- Source material:
------------------------------------------------
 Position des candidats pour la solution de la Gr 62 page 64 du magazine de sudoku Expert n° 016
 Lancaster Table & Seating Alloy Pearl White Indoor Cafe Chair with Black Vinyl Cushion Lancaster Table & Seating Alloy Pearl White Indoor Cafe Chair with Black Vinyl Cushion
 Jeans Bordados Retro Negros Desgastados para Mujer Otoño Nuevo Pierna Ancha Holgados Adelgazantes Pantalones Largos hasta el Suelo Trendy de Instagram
------------------------------------------------
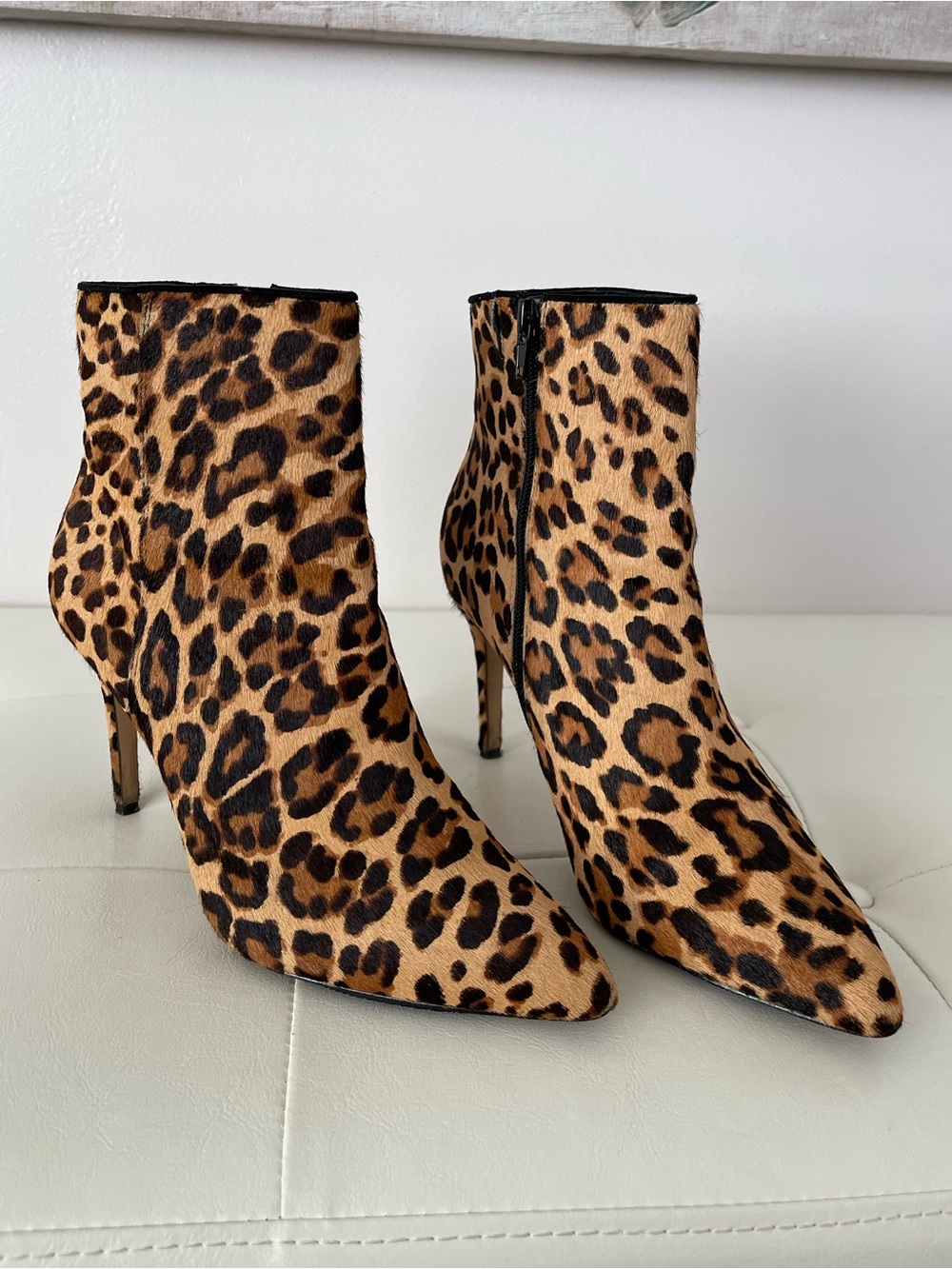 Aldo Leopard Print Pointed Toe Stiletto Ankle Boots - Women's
------------------------------------------------
From the data above, return every line from the line that has "Position des candidats" up to and including the line that has "Jeans Bordados Retro", exactly.

- Response below:
 Position des candidats pour la solution de la Gr 62 page 64 du magazine de sudoku Expert n° 016
 Lancaster Table & Seating Alloy Pearl White Indoor Cafe Chair with Black Vinyl Cushion Lancaster Table & Seating Alloy Pearl White Indoor Cafe Chair with Black Vinyl Cushion
 Jeans Bordados Retro Negros Desgastados para Mujer Otoño Nuevo Pierna Ancha Holgados Adelgazantes Pantalones Largos hasta el Suelo Trendy de Instagram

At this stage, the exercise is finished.